[Records from a data collection]
* * *

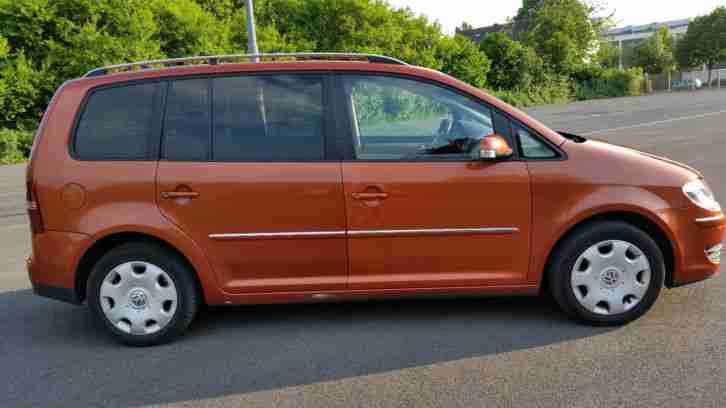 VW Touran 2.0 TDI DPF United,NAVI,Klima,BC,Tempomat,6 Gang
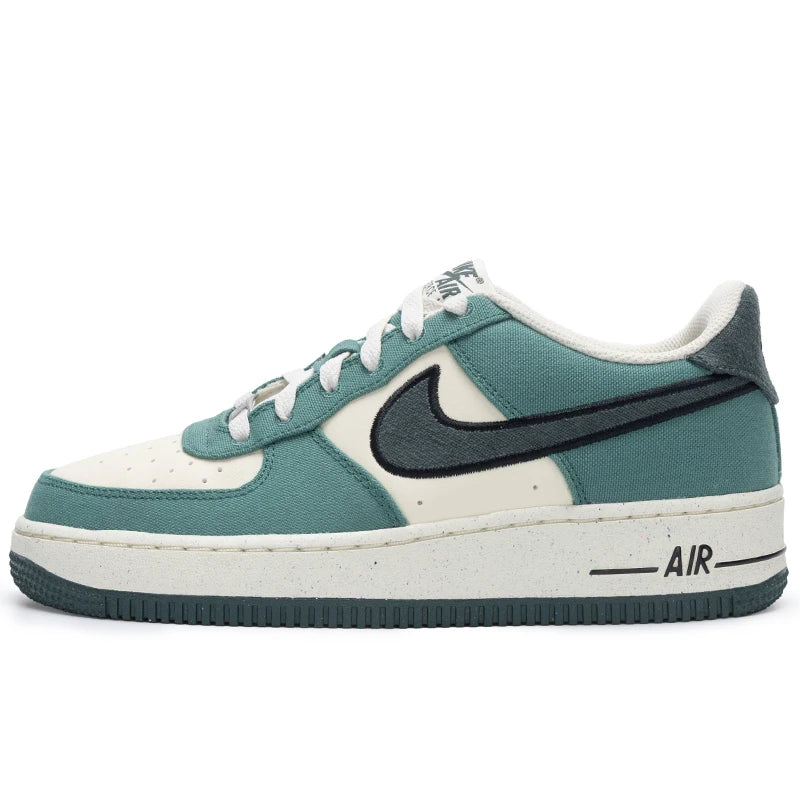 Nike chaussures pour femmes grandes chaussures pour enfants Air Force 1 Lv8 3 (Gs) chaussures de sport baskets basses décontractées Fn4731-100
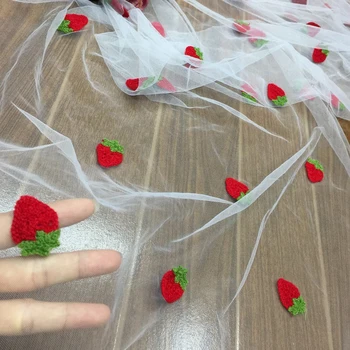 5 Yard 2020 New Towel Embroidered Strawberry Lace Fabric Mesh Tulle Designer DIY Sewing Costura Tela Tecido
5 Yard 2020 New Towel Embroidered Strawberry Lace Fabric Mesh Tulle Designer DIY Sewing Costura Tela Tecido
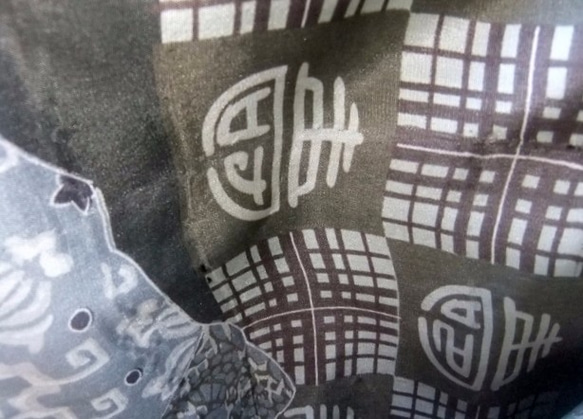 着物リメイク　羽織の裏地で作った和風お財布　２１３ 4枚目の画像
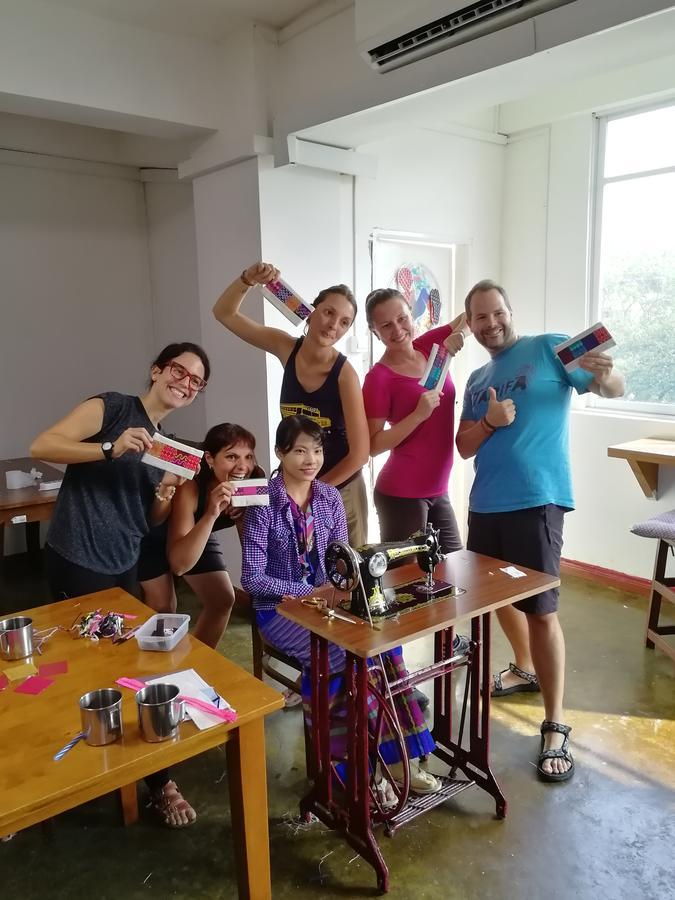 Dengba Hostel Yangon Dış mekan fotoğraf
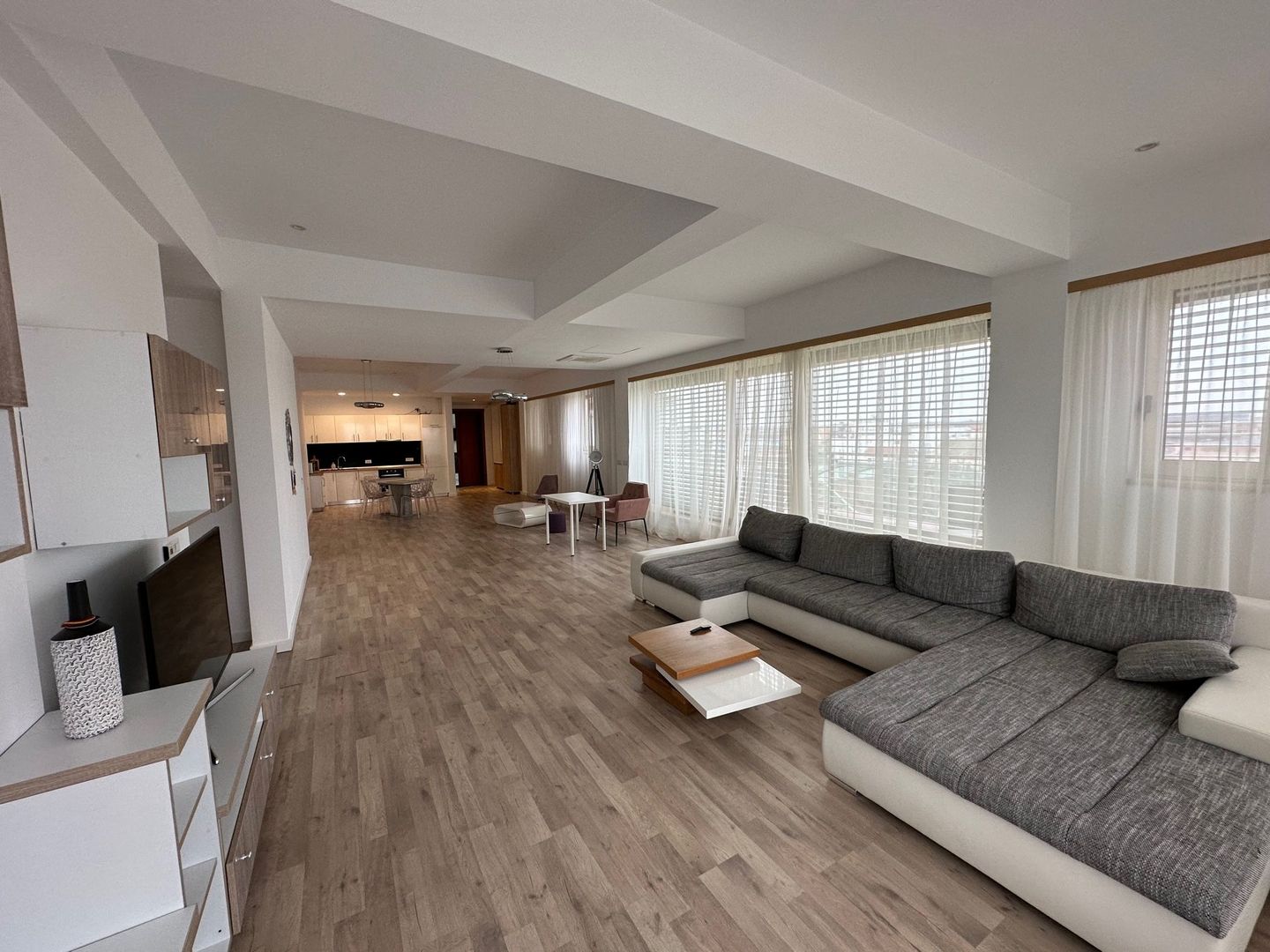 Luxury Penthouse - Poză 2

* * *

Your objective – Please copy the entries in full. Leave each image out.

Solved problem –
 VW Touran 2.0 TDI DPF United,NAVI,Klima,BC,Tempomat,6 Gang
 Nike chaussures pour femmes grandes chaussures pour enfants Air Force 1 Lv8 3 (Gs) chaussures de sport baskets basses décontractées Fn4731-100
 5 Yard 2020 New Towel Embroidered Strawberry Lace Fabric Mesh Tulle Designer DIY Sewing Costura Tela Tecido
5 Yard 2020 New Towel Embroidered Strawberry Lace Fabric Mesh Tulle Designer DIY Sewing Costura Tela Tecido
 着物リメイク　羽織の裏地で作った和風お財布　２１３ 4枚目の画像
 Dengba Hostel Yangon Dış mekan fotoğraf
 Luxury Penthouse - Poză 2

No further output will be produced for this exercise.